At the end of March, the European Consumer Organization (BEUC) called for EU and national authorities to investigate OpenAI’s system.

“Despite all the benefits that AI can bring to our society, we are currently not sufficiently protected against the harm it can inflict on humans,” said Ursula Pachl, deputy director general of BEUC, in a statement. rack.

The organization fears that until the union’s AI law comes into effect, consumers risk being harmed by a technology that is not adequately regulated and for which they are not prepared.

Across the Atlantic Ocean, a open letter signed by AI experts and industry executives called for AI labs to immediately halt training of systems more powerful than ChatGPT’s successor GPT-4 for at least six months.

The signatories – including DeepMind researchers, computer scientist Yoshua Bengio and Elon Musk – emphasized the need for regulatory policies, emphasizing that “powerful AI systems should not be developed until we are confident that their effects will be positive and their risks manageable. are. .”

Opposition in the tech industry

Italy’s regulator’s decision to suspend access to ChatGPT could lead to a loss of economic opportunity in the country, says Daniele Servadei, founder of the Bologna-based SaaS e-commerce startup Sellixtold TNW.

“It restricts the development and growth of the AI ​​and technology sectors, preventing local companies from leveraging the technology,” he said.

Servadei further noted that the ban could have “a chilling effect” on AI development in Italy and abroad, “as developers and investors may fear future bans or restrictions on their products, which would hinder innovation and investment in the sector.” can hinder.”

Simone Basso, Chief Product and Technology Officer at the travel company in Milan WeGonealso highlighted the potential negative impact on local businesses.
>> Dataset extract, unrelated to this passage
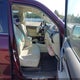 JTJBM7FX0A5009521 2010 Lexus Gx 460 auction photo thumbnail 5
“ChatGPT has improved the productivity of teams at WeRoad and globally, but recent decisions in Italy – from banning synthetic meat research to holding back the rollout of 5G – have hampered the country’s technology, innovation and productivity growth,” he said. Basson to Applied Sciences.

Basson added that while consumers can get around Garante’s restrictions using a VPN, companies with solutions based on such technologies “have uncertainty” and will be forced to prioritize other markets.

Is Italy setting a precedent for Europe?

While ChatGPT was already unavailable in mainland China, Hong Kong, Iran, Russia and parts of Africa, Italy is the first Western country to take action against the AI ​​system.

Germany could soon follow Italy’s lead, said Ulrich Kelber, Germany’s data protection commissioner Handelsblatt.

Meanwhile, authorities in France and Ireland are in contact with the Italian regulator, Reuters reports.

“We are contacting the Italian regulator,” said a spokesman for Ireland’s data protection commissioner. “We will coordinate with all EU data protection authorities on this matter.”

The regulators’ concerns about ChatGPT – along with its popularity, as the fastest growing consumer app in history — underline the need for coordinated and transparent EU policies regulating the use and development of large language models.

It is still unclear how ChatGPT and similar models will be affected by the EU’s forthcoming AI law, which aims to strike a tricky balance between security and innovation.